PROBLEM REQUIREMENTS — The copy should begin at the line containing "Sejumlah calon pemudik" and end at the last line of the material. Please reproduce those lines exactly and keep pictures out.

DATA BELOW —
# # # # #
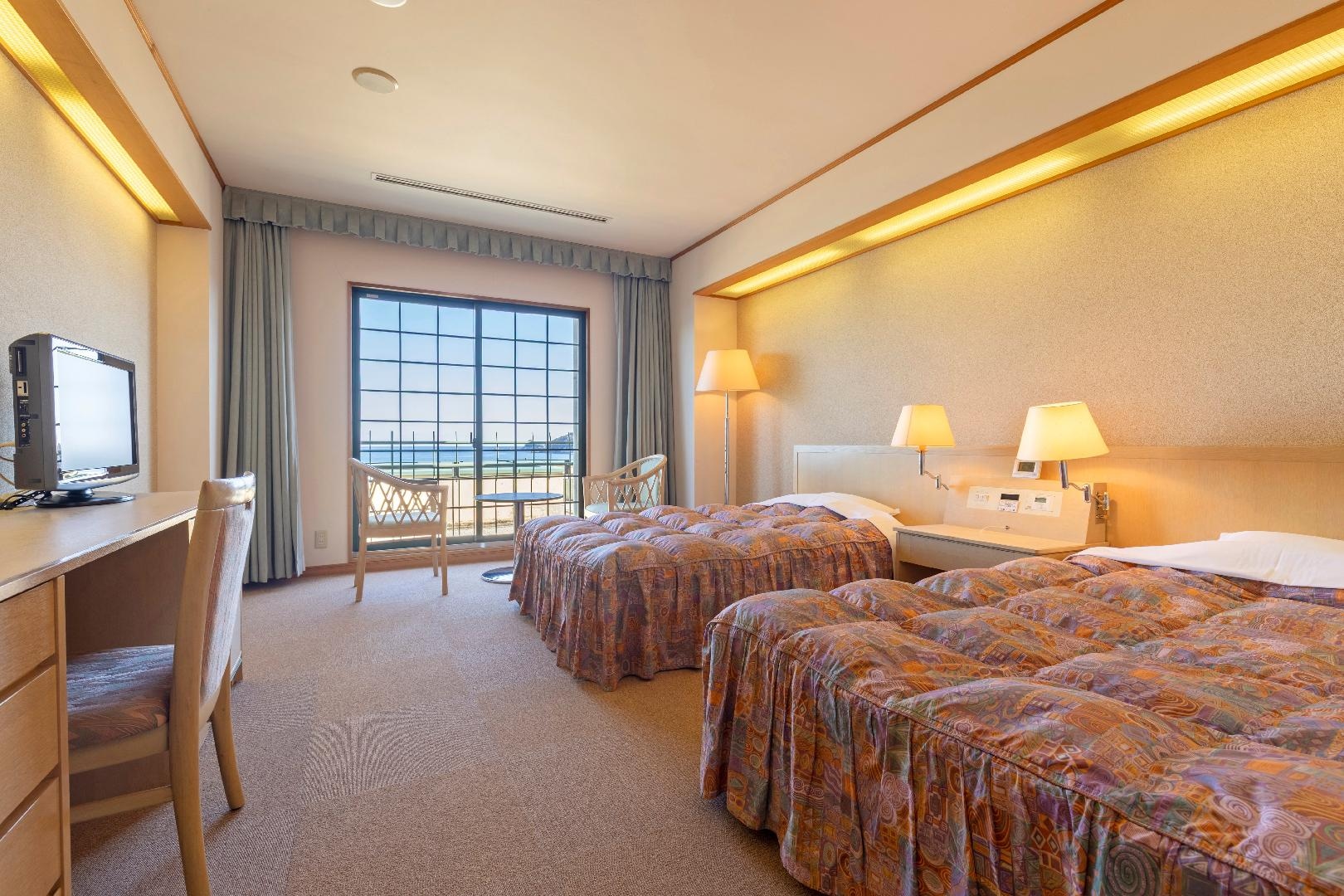 Ocean View Twin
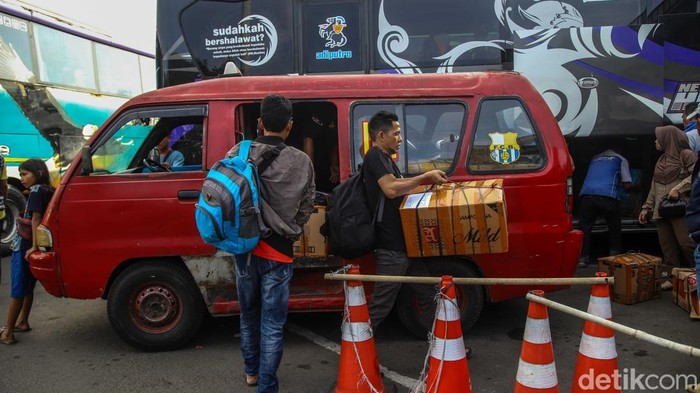 Sejumlah calon pemudik menunggu keberangkatan bus di Terminal Bus Tanjung Priok, Senin (16/3/2026), menjelang arus mudik Lebaran.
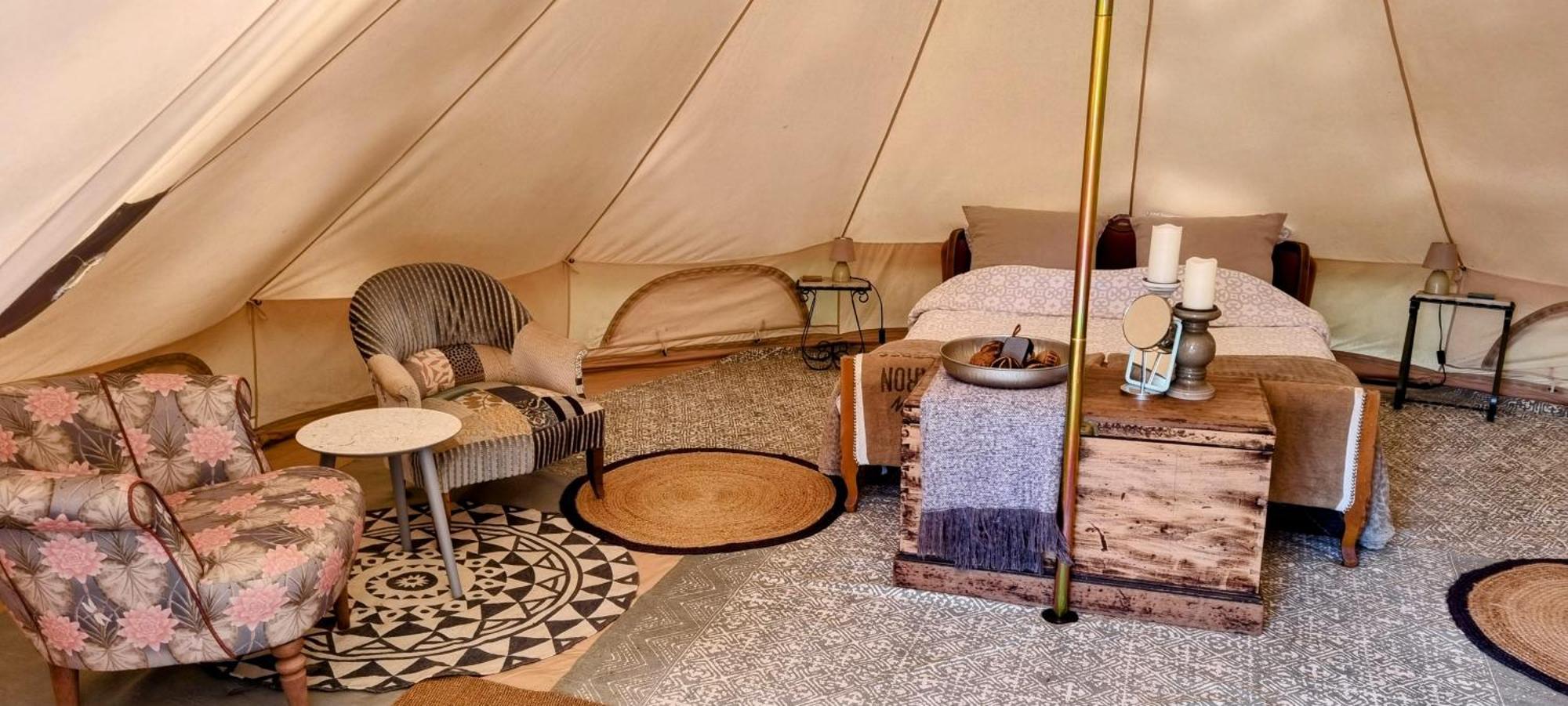 Luxury Bell Tent At Camping La Fortinerie Mouliherne Exterior foto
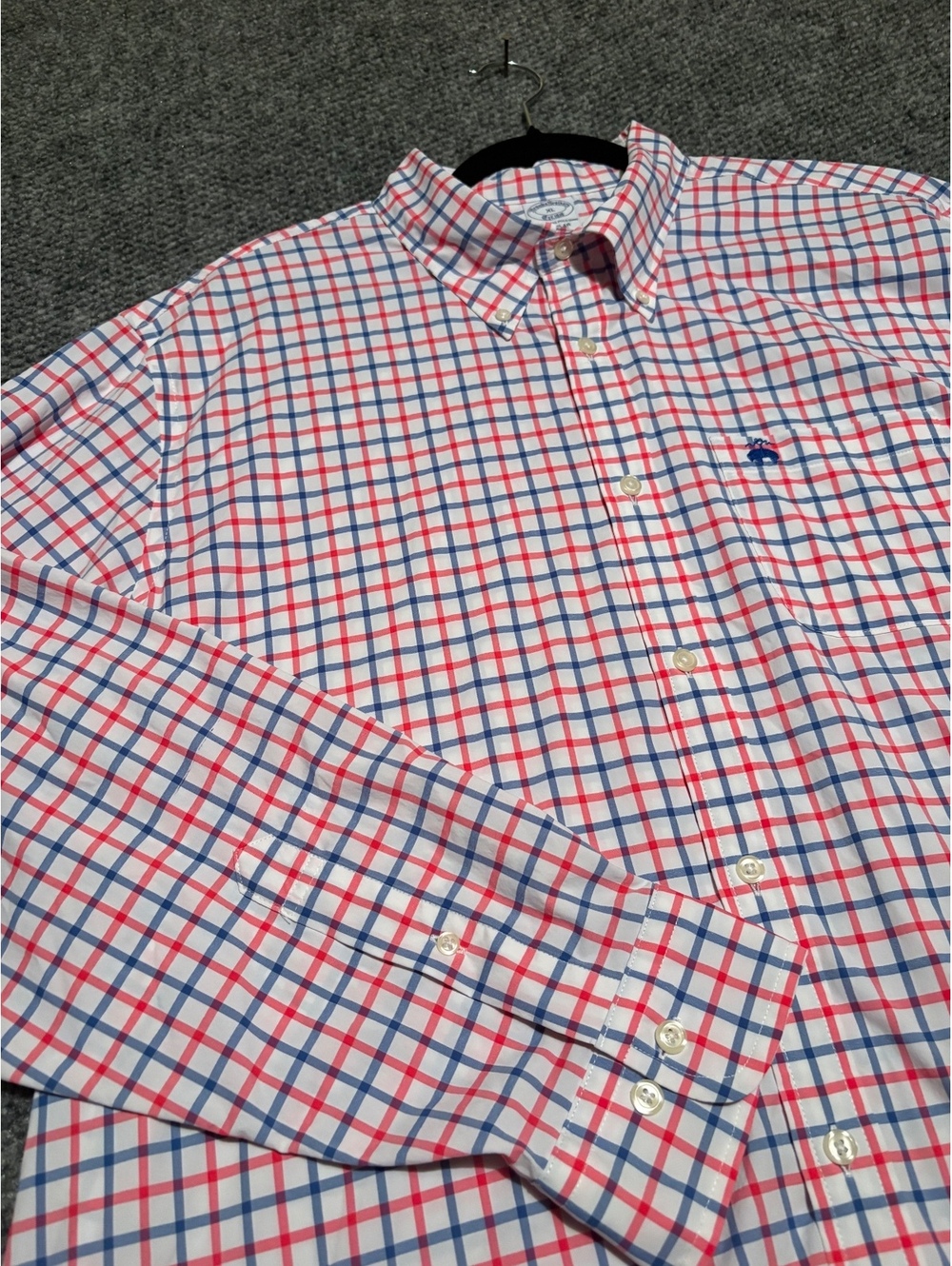 Brooks Brothers Blue Checked Nylon Men’s XL Long Sleeve button down shirt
# # # # #
EXPECTED OUTPUT —
 Sejumlah calon pemudik menunggu keberangkatan bus di Terminal Bus Tanjung Priok, Senin (16/3/2026), menjelang arus mudik Lebaran.
 Luxury Bell Tent At Camping La Fortinerie Mouliherne Exterior foto
 Brooks Brothers Blue Checked Nylon Men’s XL Long Sleeve button down shirt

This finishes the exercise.